Captioned web image data
+ + + + + + +
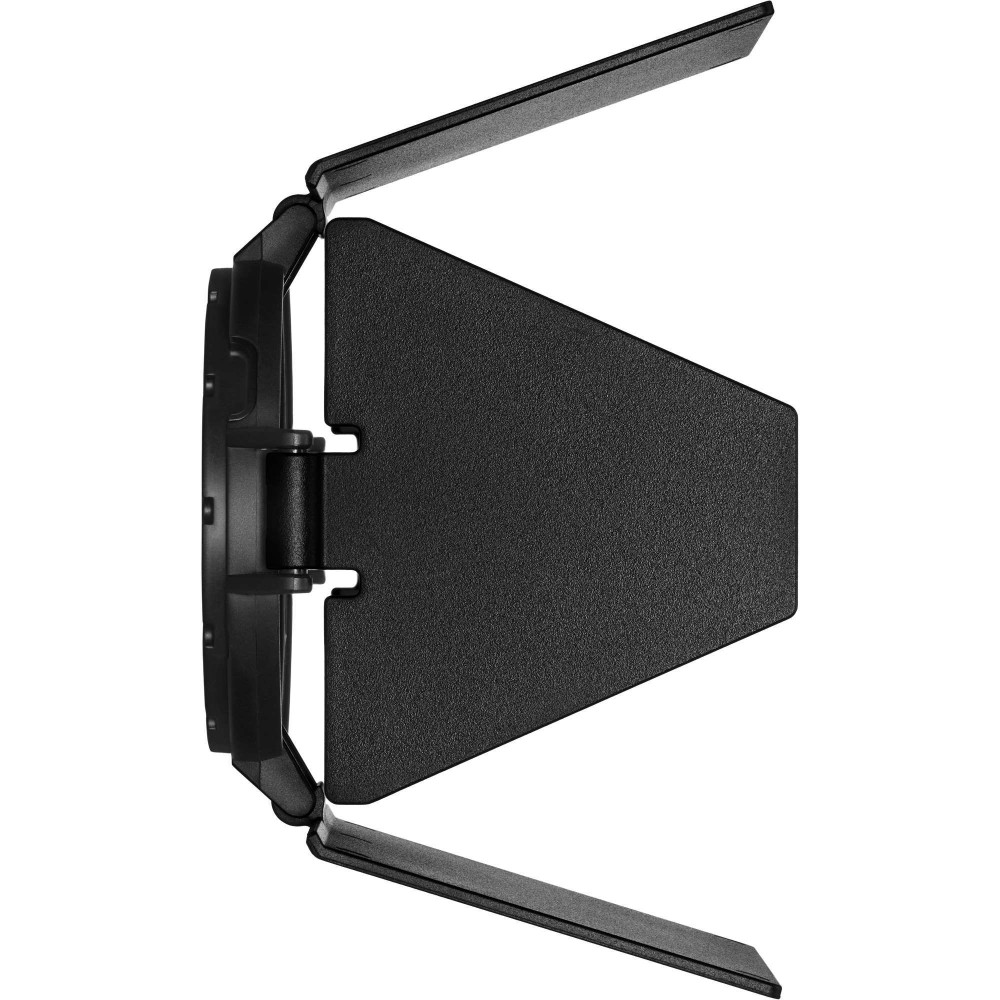 Шторки Profoto Clic Barndoor для A1X, A10, A2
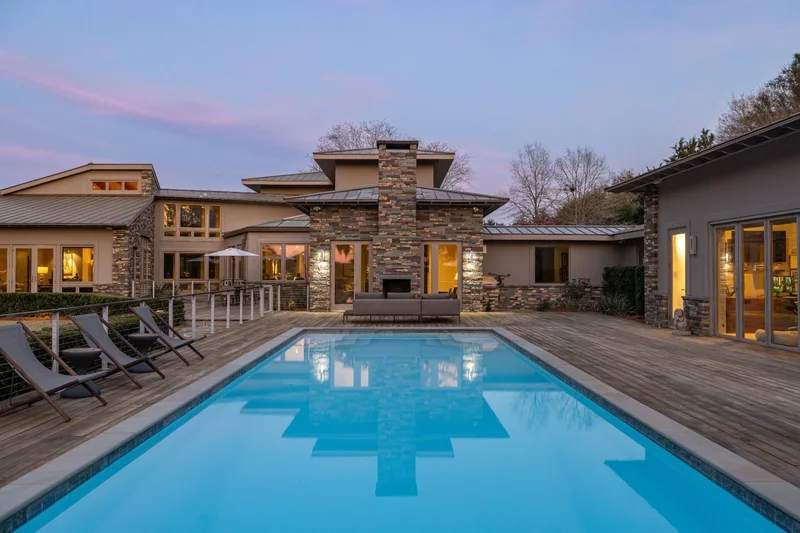 4020 Betsy Kerrison Parkway, Johns Island, SC 29455, Johns Island, South Carolina, United States. - Photo 58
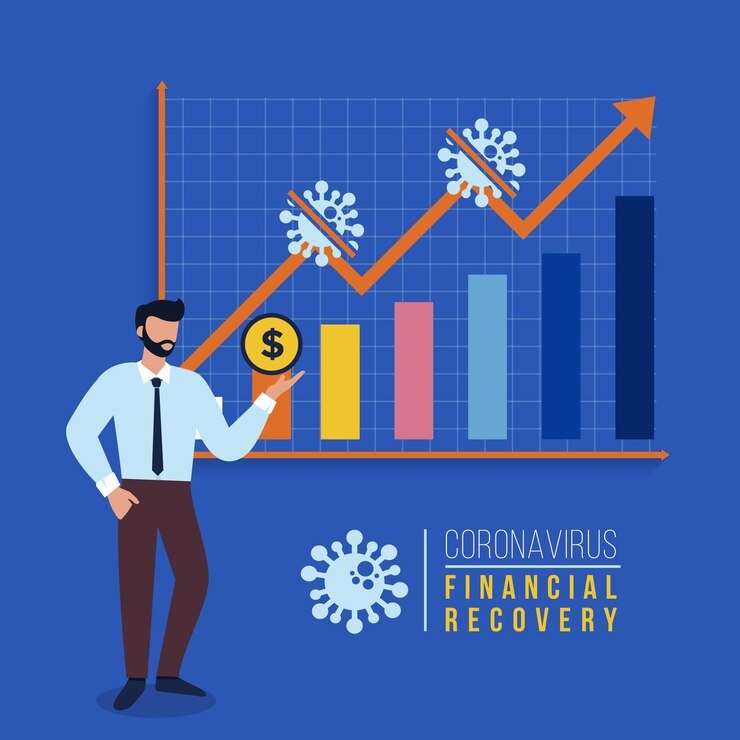 Manba Finance IPO Allotment: Analyzing Investor Sentiment and Market Expectations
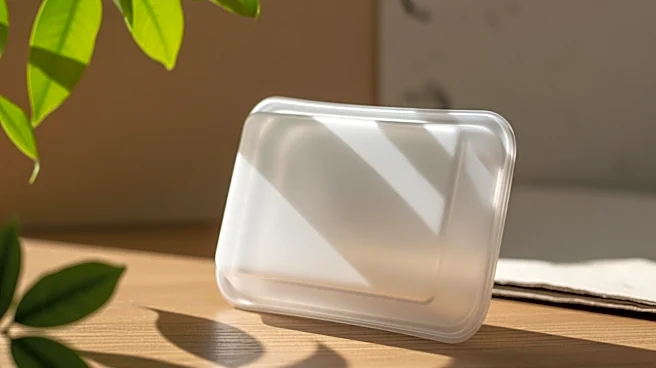 London Packaging Week 2026 to Showcase Innovations in Sustainable Packaging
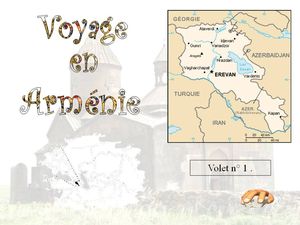 voyage_en_armenie_1_p_sangarde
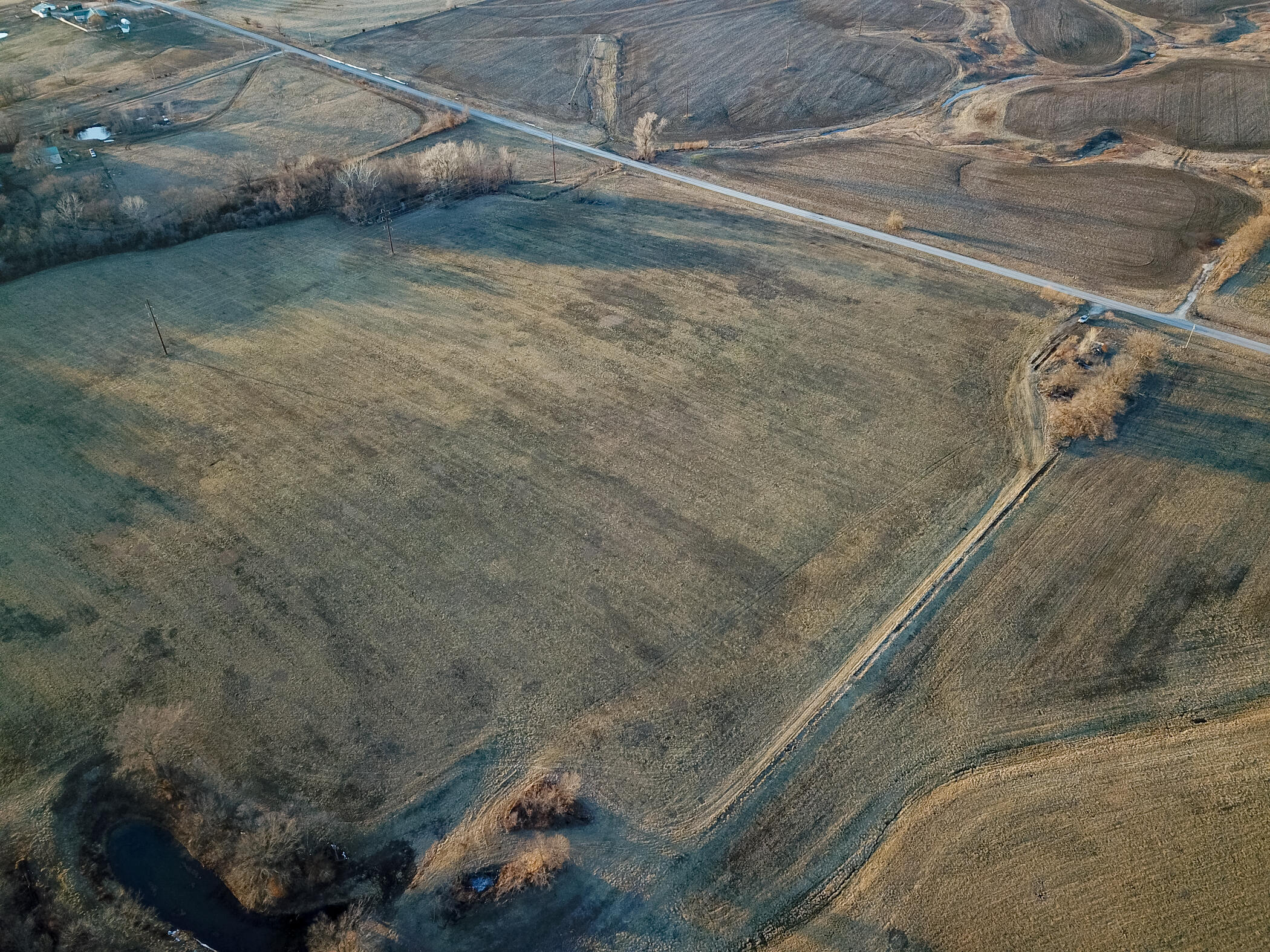 000 State Highway N Property Photo 4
+ + + + + + +
Output the records above as they stand, from the first line to the line with "Manba Finance IPO", inclusive, and exclude the pictures.

- _TASK RESULT_:
 Шторки Profoto Clic Barndoor для A1X, A10, A2
 4020 Betsy Kerrison Parkway, Johns Island, SC 29455, Johns Island, South Carolina, United States. - Photo 58
 Manba Finance IPO Allotment: Analyzing Investor Sentiment and Market Expectations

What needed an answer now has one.